Like Pearl Harbor, to remember and never forget 9/11 is easy for those who lived through it, they can't forget it. But the promise to remember the fallen and the acts of heroism as a legacy and tribute to what a nation stands for falls upon the generation that experienced it. To etch it in the minds and hearts of those too young to remember the day was the purpose of commemorative services across the nation on September 11th and the theme of hours of nationally broadcast specials. Perhaps the most meaningful of which were held in the small towns of America like the Central Peninsula where hundreds gathered on the 10th Anniversary with family and friends to remember and honor the first responders of our community, our sons and daughters who wear the uniforms and practice the skills of saving lives in time of emergencies.
A solemn occasion yet as Soldotna Mayor Peter Micciche said a time of celebration, "That's right...to celebrate. We have become a target of others with little, because we are incredibly fortunate to have so much. We are here to celebrate the greatness of our freedom, and that although we have suffered a loss, we enjoyed the commitment, quality and integrity of those that are gone," said Micciche.
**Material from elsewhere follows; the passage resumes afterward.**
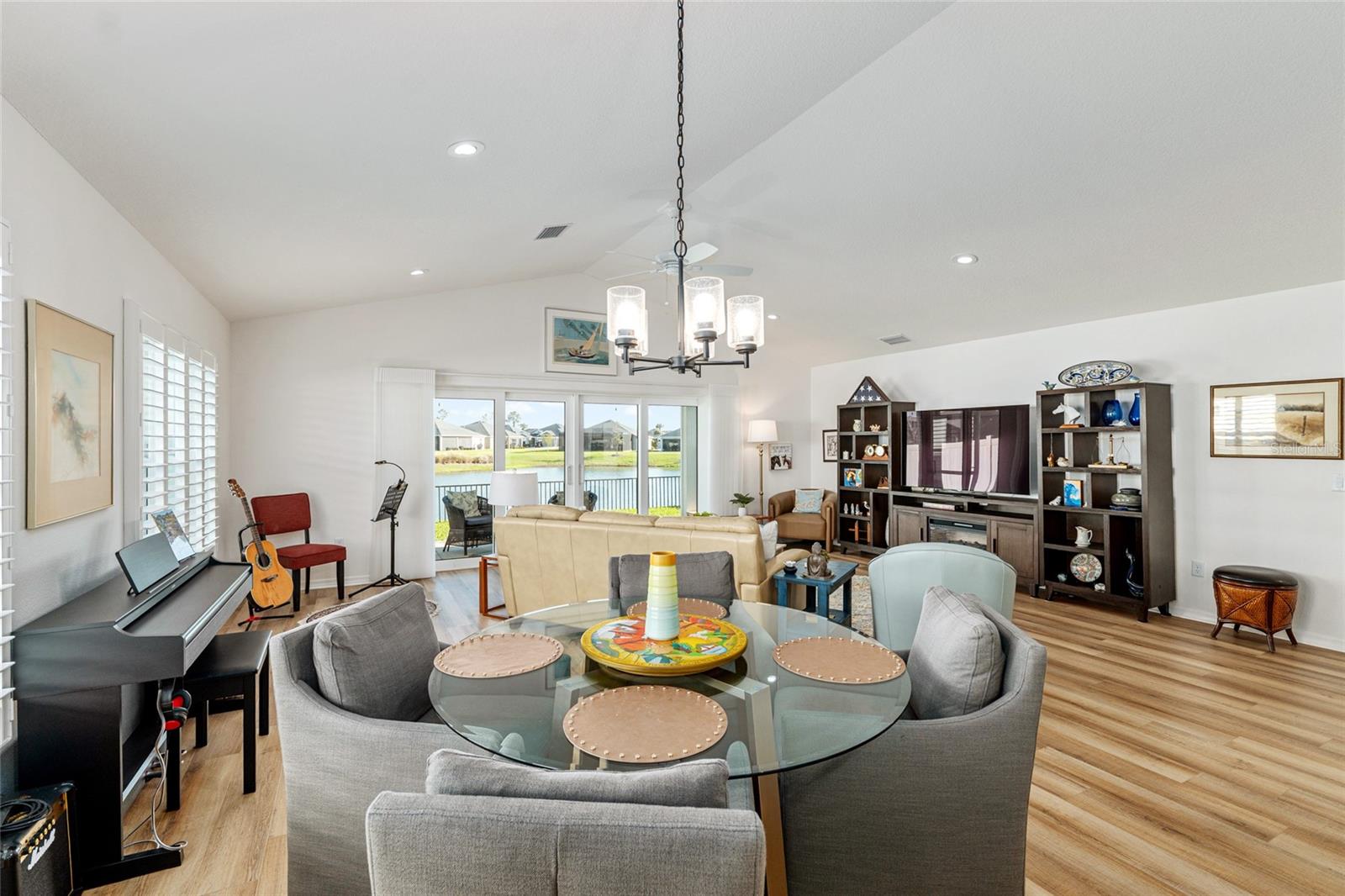 THE VILLAGES - Residential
"The feeling I received along with the rest of the first responders here today was that the support from the community and the many who came out today was amazing," said Central Emergency Services (CES) Chief Chris Mokracek in an interview with the Dispatch. CES volunteer fire fighter John Landess organized a nine hundred and eleven mile motorcycle ride to memorialize the victims of the 9/11 terrorist attacks.
"We rode from Anchorage to Fairbanks then back home to the Peninsula with the intention of tallying up 911 miles in remembrance of 9/11. It was a long ride through some beautiful and some nasty weather, but it gave us time to bond and think about what the men and women must have felt on that day. I kept a picture of Capt. Hatten with me and thought about what he was thinking that day and his feelings of looking up and knowing the destruction that was above and that he was going to go in and if he could save one extra life in exchange for his own it would be worth it. Being a first responder is an honor and privilege, a brotherhood of those willing to go above and beyond for anyone who may need your help," said Landess.
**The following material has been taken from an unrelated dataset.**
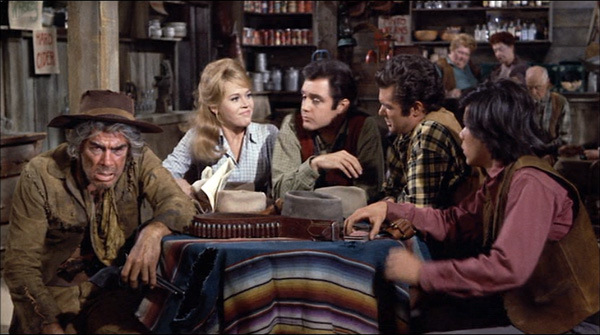 Cat Ballou Cat Ballou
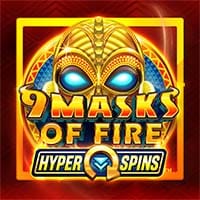 9 Masks of Fire Hyper Spins in Top_DGC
38 people joined Landess on the ride and others joined in for the final leg from the Harley Davidson shop in Soldotna to CES. Landess said he began planning the ride back in January and that all proceeds from the ride will be donated to the National Fallen Firefighters Foundation.
On the lawn at CES were planted 343 American flags one for each who did precisely that on 9/11, the most first responders to loose their lives in a single day in the history of the United States of America. On a table next to the podium a piece of steel cut from the ruins of the twin towers that will remain at CES as a permanent memorial of 9/11.
The following day Monday September 12th local first responders were invited to Redoubt Elementary for lunch compliments of the students and faculty, "We did it on the 1st Anniversary of 9/11 to say thank you to our local first responders and then we did it again on the 5th Anniversary and we thought the 10th Anniversary would be appropriate to do it again as a small token of our appreciation and as a reminder to our students who don't recall 9/11 because they were either not born yet or too young to remember that day that our local fire and police departments are here to help our communities in times of emergencies and in a very small way to say thank you," said Sharron Hale who has organized all three of the thank you lunches. "You know before 9/11 no one said thank you to a fire fighter, we heard a lot of criticism if we weren't there soon enough or didn't prevent something, but having people say thank you, we appreciate you, just wasn't part of the job, but you know what? It feels really great," commented a long time Kenai fire fighter.
Several of Kristin Arthur's sixth grade students said they didn't remember 9/11 and hadn't seen anything on TV about it, but when asked about that day Elizabeth said, "It was the day the firefighters lost there lives trying to save the all the people in the building, and that's what veterans and police and firefighters do for us today." "They were just too young to remember that day," said Arthur, "But we do talk about what happened in school and they have read about it for years and we emphasize that it was not just the day America was attacked by terrorists and that planes were flown into buildings, but that 343 fire fighters were killed saving other people's lives that day and that the police and firemen in our community are heroes because they are here for us everyday."